Your task: Once the images are set aside, print the remaining lines below exactly.

Exercise data:
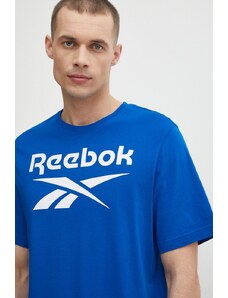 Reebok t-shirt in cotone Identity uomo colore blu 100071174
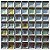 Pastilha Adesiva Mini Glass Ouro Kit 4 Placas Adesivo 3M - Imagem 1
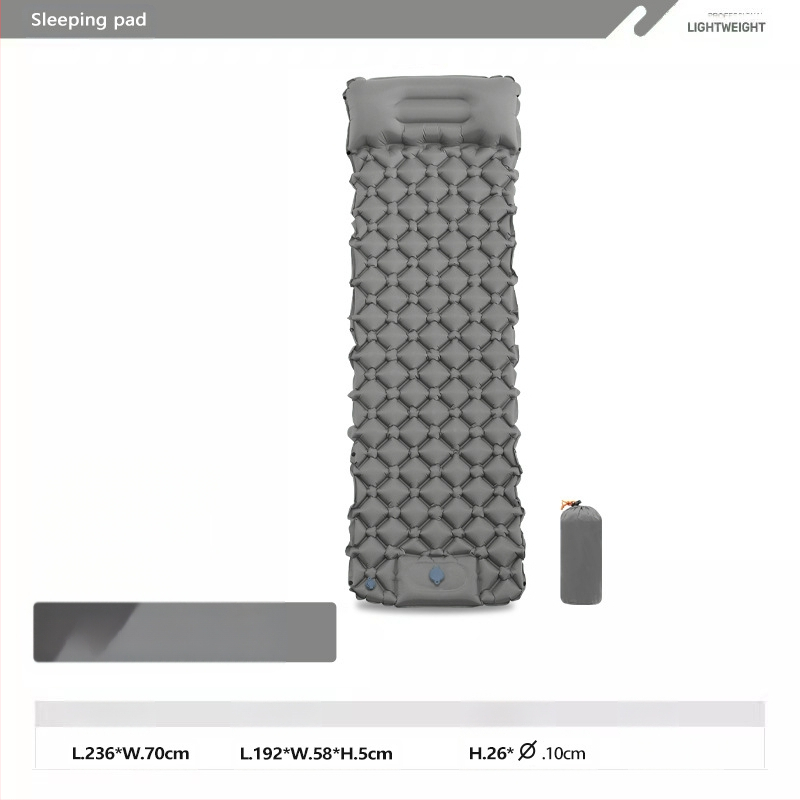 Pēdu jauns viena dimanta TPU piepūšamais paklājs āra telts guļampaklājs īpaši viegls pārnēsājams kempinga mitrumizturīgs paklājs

Solution:
 Reebok t-shirt in cotone Identity uomo colore blu 100071174
 Pastilha Adesiva Mini Glass Ouro Kit 4 Placas Adesivo 3M - Imagem 1
 Pēdu jauns viena dimanta TPU piepūšamais paklājs āra telts guļampaklājs īpaši viegls pārnēsājams kempinga mitrumizturīgs paklājs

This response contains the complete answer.